France | France, Cour administrative d'appel de LYON, 7ème chambre, 25 avril 2024, 23LY00105


Vu la procédure suivante :





Par une requête et des mémoires enregistrés les 11 janvier, 17 juillet et 12 octobre 2023, ce dernier non communiqué, la société PE de la Grande Charme, représentée par Me Gelas, demande à la cour :

1°) d'annuler l'arrêté du 16 novembre 2022 par lequel le préfet de la Côte-d'Or a rejeté sa demande d'autorisation environnementale d'exploitation d'un parc éolien composé de quatre aérogénérateurs et de deux postes de livraison sur le territoire des communes de Villecomte et Chaignay ;

2°) d'

enjoindre au préfet de la Côte-d'Or de reprendre l'instruction de sa demande dans un délai de trent...

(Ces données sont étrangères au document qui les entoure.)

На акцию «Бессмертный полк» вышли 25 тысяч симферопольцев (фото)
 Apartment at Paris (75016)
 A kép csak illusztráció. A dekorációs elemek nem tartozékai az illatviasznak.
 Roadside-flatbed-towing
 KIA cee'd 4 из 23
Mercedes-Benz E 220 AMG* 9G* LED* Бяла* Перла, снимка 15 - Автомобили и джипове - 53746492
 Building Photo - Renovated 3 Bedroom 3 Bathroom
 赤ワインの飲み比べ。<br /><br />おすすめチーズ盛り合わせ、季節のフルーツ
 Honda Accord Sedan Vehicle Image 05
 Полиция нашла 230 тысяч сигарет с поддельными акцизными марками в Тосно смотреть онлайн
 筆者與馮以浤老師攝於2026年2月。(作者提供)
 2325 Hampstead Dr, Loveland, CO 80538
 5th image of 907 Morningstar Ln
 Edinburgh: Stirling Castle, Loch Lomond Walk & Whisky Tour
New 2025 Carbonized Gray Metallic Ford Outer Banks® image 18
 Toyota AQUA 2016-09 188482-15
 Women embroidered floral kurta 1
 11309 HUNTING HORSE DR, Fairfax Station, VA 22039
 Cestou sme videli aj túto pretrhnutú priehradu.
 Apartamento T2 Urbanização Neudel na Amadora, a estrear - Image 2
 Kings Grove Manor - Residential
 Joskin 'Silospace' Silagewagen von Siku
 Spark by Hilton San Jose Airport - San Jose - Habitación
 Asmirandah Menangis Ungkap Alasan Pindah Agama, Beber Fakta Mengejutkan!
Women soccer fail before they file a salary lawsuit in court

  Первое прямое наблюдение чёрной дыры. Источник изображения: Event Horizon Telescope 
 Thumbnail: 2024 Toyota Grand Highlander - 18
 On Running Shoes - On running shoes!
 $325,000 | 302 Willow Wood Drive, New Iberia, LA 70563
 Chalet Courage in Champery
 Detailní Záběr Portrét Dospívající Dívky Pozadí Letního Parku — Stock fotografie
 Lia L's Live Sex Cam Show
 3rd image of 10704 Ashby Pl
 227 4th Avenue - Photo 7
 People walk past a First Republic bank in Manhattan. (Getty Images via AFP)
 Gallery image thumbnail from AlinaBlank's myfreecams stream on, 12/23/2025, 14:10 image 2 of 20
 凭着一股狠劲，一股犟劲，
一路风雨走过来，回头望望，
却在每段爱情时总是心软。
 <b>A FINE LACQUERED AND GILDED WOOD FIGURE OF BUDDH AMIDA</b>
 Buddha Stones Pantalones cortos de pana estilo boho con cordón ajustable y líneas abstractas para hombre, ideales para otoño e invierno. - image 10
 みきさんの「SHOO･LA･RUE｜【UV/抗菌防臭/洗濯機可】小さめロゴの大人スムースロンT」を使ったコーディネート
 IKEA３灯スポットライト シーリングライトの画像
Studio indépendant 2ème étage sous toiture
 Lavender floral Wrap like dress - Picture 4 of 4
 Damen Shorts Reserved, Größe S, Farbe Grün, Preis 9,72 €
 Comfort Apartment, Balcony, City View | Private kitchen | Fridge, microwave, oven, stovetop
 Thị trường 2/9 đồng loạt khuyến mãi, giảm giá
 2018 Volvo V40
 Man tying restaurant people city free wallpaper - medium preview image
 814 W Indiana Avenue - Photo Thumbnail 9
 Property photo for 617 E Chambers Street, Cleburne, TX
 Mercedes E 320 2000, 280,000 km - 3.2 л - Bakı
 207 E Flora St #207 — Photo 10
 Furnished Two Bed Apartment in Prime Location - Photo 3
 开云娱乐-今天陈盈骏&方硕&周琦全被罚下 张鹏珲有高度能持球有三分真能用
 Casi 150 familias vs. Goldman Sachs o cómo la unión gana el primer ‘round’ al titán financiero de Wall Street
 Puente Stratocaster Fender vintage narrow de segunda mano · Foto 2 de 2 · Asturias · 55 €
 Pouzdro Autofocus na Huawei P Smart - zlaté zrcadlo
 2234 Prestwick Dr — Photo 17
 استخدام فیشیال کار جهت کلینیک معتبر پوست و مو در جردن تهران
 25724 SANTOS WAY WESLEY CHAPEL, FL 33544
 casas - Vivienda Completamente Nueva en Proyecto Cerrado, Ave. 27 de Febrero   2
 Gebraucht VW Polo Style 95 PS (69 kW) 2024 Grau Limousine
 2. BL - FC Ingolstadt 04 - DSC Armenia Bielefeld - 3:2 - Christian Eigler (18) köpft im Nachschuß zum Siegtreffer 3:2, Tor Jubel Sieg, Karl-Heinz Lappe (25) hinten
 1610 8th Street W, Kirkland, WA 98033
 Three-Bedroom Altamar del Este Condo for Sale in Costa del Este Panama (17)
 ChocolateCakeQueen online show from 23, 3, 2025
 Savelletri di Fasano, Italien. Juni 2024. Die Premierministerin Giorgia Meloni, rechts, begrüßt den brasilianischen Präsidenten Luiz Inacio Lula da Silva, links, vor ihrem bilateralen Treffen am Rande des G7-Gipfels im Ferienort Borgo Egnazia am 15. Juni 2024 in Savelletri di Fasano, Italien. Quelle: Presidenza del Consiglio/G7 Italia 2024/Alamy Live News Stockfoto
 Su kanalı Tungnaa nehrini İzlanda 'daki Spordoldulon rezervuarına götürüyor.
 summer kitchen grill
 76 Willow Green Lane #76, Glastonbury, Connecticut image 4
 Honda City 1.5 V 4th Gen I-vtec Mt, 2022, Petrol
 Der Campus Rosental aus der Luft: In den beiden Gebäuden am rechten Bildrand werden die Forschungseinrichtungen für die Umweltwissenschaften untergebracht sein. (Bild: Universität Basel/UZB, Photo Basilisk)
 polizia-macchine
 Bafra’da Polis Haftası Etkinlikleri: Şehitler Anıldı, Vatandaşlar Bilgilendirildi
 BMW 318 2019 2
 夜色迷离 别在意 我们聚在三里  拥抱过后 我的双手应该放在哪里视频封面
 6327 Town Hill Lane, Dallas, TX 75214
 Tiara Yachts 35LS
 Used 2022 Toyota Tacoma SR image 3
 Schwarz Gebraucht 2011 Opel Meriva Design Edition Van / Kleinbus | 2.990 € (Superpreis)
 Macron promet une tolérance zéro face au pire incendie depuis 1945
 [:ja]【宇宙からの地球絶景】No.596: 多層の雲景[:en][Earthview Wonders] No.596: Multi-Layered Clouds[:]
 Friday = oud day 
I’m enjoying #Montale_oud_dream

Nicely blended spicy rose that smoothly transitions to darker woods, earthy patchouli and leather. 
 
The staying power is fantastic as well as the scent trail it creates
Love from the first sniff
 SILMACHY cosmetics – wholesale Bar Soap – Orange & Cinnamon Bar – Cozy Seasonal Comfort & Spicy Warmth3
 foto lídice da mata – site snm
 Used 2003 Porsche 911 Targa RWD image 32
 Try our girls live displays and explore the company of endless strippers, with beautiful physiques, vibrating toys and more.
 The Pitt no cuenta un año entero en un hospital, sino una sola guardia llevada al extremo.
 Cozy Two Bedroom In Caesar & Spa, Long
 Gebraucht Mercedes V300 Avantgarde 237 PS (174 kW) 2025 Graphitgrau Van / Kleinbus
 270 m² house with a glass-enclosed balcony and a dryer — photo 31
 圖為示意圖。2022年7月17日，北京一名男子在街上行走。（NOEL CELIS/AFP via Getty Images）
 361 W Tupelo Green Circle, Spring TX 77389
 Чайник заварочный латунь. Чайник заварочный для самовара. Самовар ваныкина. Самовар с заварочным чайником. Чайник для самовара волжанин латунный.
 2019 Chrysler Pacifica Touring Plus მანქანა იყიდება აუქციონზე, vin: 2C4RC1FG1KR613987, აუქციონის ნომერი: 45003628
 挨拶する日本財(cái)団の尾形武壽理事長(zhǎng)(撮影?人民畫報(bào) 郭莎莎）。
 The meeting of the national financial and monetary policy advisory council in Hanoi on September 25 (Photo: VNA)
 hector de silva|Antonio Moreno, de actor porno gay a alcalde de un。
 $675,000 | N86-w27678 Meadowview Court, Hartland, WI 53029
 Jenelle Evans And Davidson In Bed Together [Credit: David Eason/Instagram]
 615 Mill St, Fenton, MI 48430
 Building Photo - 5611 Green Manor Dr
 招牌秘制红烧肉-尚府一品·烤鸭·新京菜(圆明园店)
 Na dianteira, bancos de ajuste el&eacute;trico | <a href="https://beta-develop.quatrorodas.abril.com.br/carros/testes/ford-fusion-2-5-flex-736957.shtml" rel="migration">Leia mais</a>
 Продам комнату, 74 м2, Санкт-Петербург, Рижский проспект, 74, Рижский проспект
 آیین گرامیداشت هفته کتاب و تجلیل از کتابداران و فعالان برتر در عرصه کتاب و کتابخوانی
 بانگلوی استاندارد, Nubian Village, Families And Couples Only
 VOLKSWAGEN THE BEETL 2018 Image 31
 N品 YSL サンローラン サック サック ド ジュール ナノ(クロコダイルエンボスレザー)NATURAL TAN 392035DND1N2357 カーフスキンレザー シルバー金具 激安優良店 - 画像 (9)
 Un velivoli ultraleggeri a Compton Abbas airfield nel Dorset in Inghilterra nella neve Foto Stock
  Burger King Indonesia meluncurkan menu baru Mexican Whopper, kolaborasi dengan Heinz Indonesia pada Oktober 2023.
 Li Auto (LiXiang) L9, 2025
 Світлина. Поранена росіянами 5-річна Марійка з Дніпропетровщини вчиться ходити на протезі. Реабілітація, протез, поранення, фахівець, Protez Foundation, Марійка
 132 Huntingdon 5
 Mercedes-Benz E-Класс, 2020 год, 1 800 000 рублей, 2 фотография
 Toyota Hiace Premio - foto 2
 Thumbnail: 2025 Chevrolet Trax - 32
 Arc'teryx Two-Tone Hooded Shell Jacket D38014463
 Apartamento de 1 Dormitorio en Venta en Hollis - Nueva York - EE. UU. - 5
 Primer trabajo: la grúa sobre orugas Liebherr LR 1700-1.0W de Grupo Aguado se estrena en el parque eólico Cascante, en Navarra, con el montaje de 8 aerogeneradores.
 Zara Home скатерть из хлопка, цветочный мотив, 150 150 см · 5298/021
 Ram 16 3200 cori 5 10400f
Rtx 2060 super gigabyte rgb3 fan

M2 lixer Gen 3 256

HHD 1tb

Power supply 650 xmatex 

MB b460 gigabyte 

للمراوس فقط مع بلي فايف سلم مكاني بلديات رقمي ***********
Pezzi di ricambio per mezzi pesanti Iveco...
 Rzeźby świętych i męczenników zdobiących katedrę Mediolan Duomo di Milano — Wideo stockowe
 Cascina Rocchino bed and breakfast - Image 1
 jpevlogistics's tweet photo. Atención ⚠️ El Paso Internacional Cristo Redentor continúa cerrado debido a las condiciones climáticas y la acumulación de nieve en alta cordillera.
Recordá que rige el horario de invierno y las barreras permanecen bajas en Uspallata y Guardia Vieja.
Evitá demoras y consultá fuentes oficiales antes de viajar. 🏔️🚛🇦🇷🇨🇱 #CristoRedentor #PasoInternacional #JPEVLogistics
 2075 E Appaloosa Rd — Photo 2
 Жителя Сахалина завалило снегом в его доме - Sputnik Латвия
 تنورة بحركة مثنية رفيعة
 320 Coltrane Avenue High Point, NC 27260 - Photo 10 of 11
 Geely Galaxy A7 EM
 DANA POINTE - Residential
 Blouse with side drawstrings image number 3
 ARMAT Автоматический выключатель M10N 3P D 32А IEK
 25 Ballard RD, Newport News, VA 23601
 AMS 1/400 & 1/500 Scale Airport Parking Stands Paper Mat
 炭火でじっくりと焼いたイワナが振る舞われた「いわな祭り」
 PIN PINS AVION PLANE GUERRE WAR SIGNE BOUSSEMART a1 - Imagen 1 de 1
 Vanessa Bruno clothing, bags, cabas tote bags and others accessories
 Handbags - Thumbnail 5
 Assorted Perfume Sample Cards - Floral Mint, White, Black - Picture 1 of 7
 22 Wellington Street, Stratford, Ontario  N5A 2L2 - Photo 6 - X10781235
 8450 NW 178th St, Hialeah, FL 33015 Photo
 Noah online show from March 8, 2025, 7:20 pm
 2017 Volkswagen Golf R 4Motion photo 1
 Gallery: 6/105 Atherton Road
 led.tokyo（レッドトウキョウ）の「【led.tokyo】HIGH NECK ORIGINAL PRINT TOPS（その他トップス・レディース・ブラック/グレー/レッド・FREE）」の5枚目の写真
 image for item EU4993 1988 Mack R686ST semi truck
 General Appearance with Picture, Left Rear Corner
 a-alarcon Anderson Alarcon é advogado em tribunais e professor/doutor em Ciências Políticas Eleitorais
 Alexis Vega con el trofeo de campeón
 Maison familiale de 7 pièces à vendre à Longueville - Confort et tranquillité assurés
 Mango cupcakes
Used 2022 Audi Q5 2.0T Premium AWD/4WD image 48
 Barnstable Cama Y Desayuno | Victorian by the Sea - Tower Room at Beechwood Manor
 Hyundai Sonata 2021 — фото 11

Vu la procédure suivante :

Par une requête et des mémoires enregistrés les 11 janvier, 17 juillet et 12 octobre 2023, ce dernier non communiqué, la société PE de la Grande Charme, représentée par Me Gelas, demande à la cour :

1°) d'annuler l'arrêté du 16 novembre 2022 par lequel le préfet de la Côte-d'Or a rejeté sa demande d'autorisation environnementale d'exploitation d'un parc éolien composé de quatre aérogénérateurs et de deux postes de livraison sur le territoire des communes de Villecomte et Chaignay ;

2°) d'enjoindre au préfet de la Côte-d'Or de reprendre l'instruction de sa demande dans un délai de trente jours à compter de la notification de l'arrêt, sous astreinte de 200 euros par jour de retard ;

3°) de mettre à la charge de l'État la somme de 2 000 euros en application de l'article L. 761-1 du code de justice administrative.

Elle soutient que :

- l'arrêté est entaché d'un défaut de motivation ;

- le préfet, en se fondant sur des avis illégaux, a entaché l'arrêté d'illégalité ;

- les avis de la direction générale de l'aviation civile et du ministère des armées sur lesquels il se fonde sont insuffisamment motivés ;

- l'avis de la direction générale de l'aviation civile ne pouvait se fonder sur l'article R. 111-2 du code de l'urbanisme, inapplicable s'agissant d'une autorisation environnementale ;

- une autorisation environnementale ne peut valablement être refusée sur le fondement de l'article R. 111-2 précité si une prescription technique pouvait pallier un risque identifié ;

- la direction générale de l'aviation civile ne justifie pas que le projet est situé dans le périmètre de protection lié à la procédure VOR RWY 17 qui se trouve à cinq kilomètres de la trajectoire de vol de sorte que l'avis du ministre selon lequel le projet compromettrait l'accessibilité des vols aux instruments et qu'il présenterait un risque pour la sécurité des biens et des personnes est entaché d'une erreur d'appréciation ; l'existence du périmètre de protection lié à la procédure d'approche aux instruments en piste 17 dont le ministre se prévaut, tout en indiquant qu'il est indicatif, et au sein duquel seule une partie du parc se trouve, n'est pas avérée ; la nécessité d'un tel périmètre n'est pas démontrée ; la hauteur des éoliennes respecte l'altitude minimale de sécurité fixée à 3 400 pieds, soit 1036,32 mètres NGF ;

- le ministre des armées ne justifie pas que le projet présenterait une gêne avérée pour le radar de Dijon et notamment qu'il ne respecterait pas l'angle de masquage maximal ce qui entraînerait de fausses détections ou des pertes d'aéronef alors que la variante retenue présente un angle inférieur à 1,5° et aucun parc n'est présent dans un rayon de trente kilomètres à moins de 5° d'angle conformément aux recommandations du ministère des armées ; la posture permanente de sûreté (PPS) qu'invoque le ministre des armées, qui implique uniquement que sur décision gouvernementale et à faible préavis, la zone du projet puisse faire l'objet d'une protection particulière en cas de menace, ne justifie pas le refus d'implantation de toute éolienne ; la décision prise par le ministre des armées n'est pas proportionnée alors que la doctrine de la PPS suppose une réponse proportionnée ; il ne pouvait pas rendre un avis défavorable à un projet dont la compatibilité avait été confirmée au regard de l'instruction n°1050 DSA/DIRCAM du 8 juillet 2018 ; les autres pré consultations qui ont conduit à un avis défavorable étaient fondées sur l'instruction n°1050 DSAE/DIRCAM adoptée le 16 juin 2021 qui a été abrogée de sorte que ces avis ne sauraient avoir une quelconque portée.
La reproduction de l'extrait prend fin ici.